┌─ RECORDS TO USE

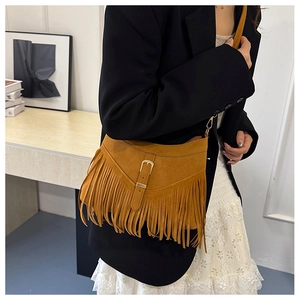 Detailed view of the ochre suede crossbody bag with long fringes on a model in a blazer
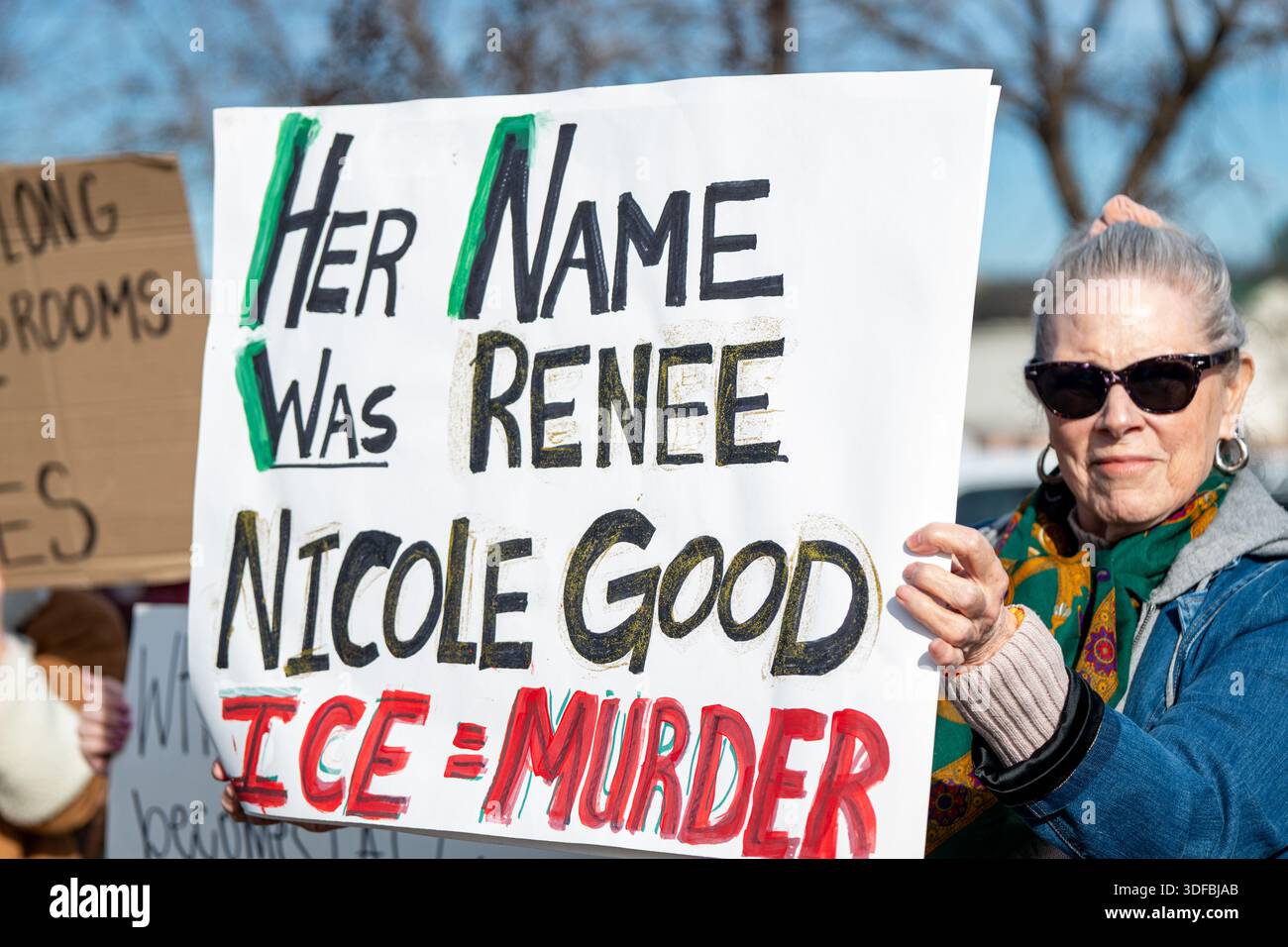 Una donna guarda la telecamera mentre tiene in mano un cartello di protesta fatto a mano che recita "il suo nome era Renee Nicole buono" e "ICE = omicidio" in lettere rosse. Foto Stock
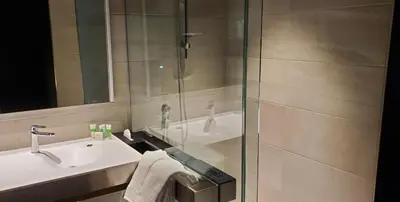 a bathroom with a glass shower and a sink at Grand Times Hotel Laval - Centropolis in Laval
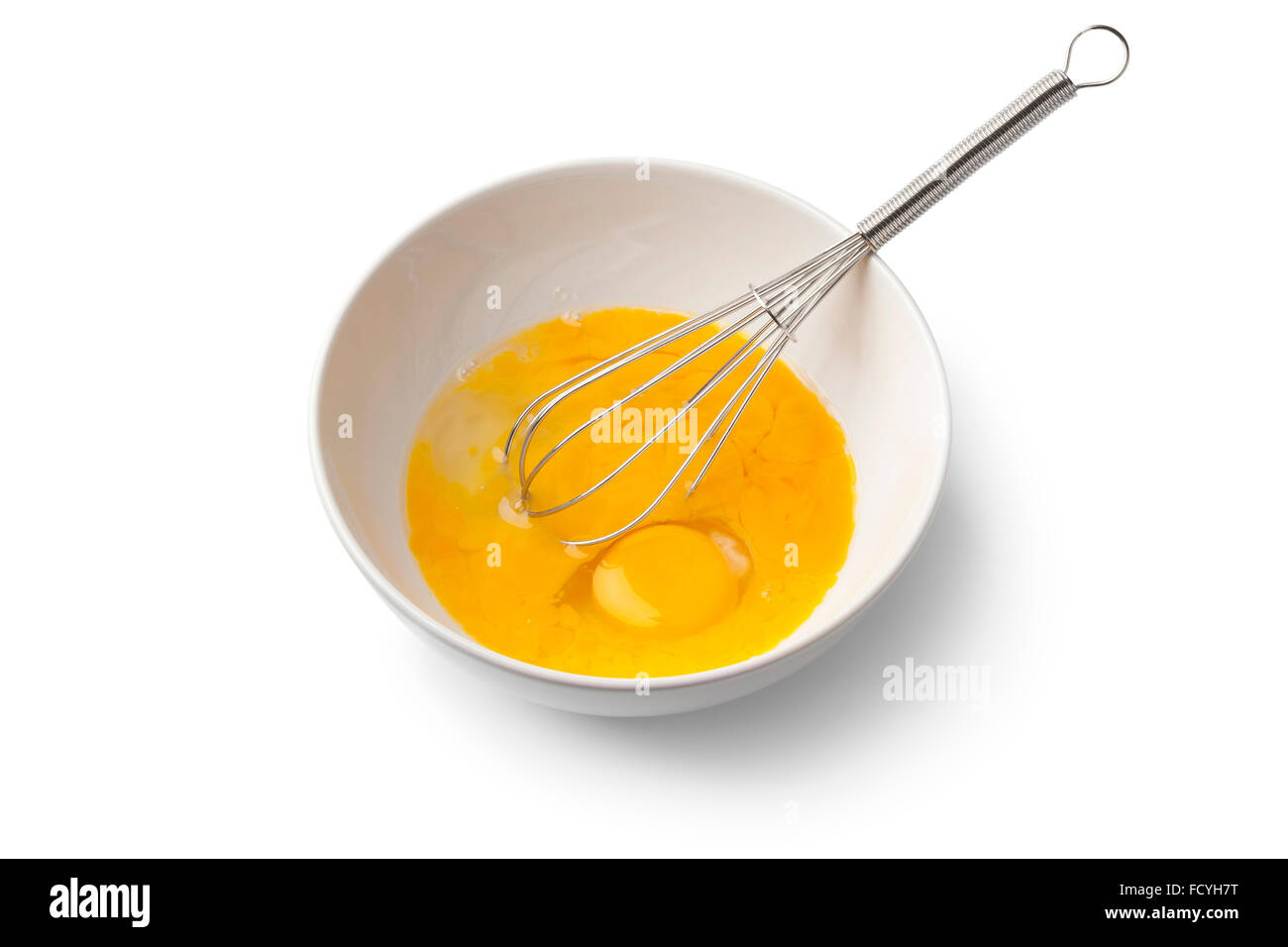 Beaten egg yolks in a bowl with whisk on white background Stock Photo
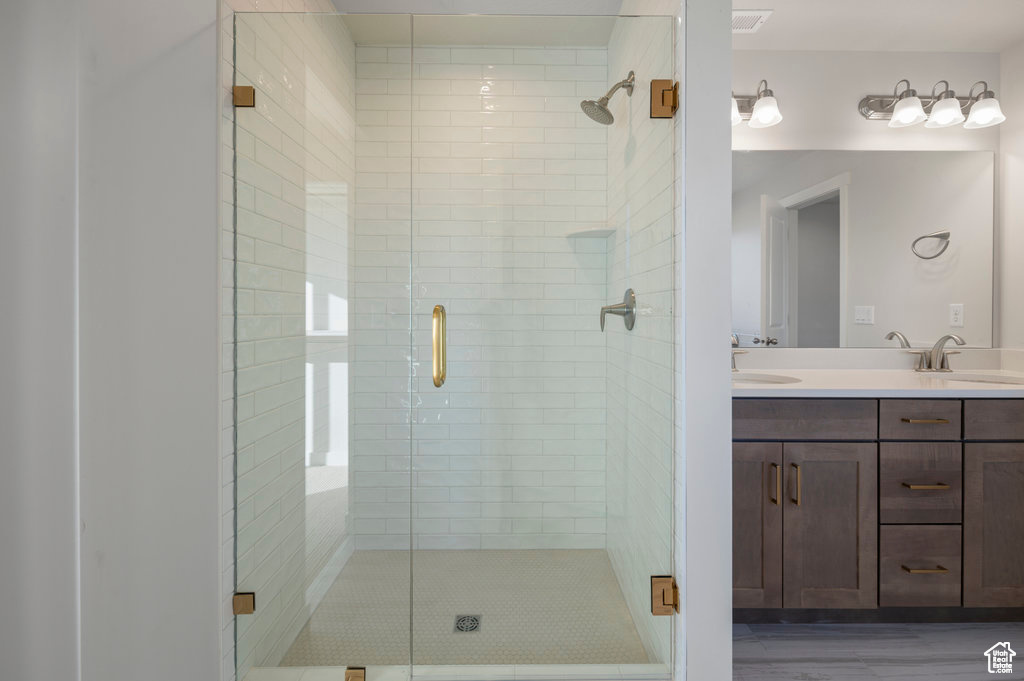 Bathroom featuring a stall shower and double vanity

└─

ACTIVITY
Set the listing down exactly, without its pictures.

EXERCISE RESULT
 Detailed view of the ochre suede crossbody bag with long fringes on a model in a blazer
 Una donna guarda la telecamera mentre tiene in mano un cartello di protesta fatto a mano che recita "il suo nome era Renee Nicole buono" e "ICE = omicidio" in lettere rosse. Foto Stock
 a bathroom with a glass shower and a sink at Grand Times Hotel Laval - Centropolis in Laval
 Beaten egg yolks in a bowl with whisk on white background Stock Photo
 Bathroom featuring a stall shower and double vanity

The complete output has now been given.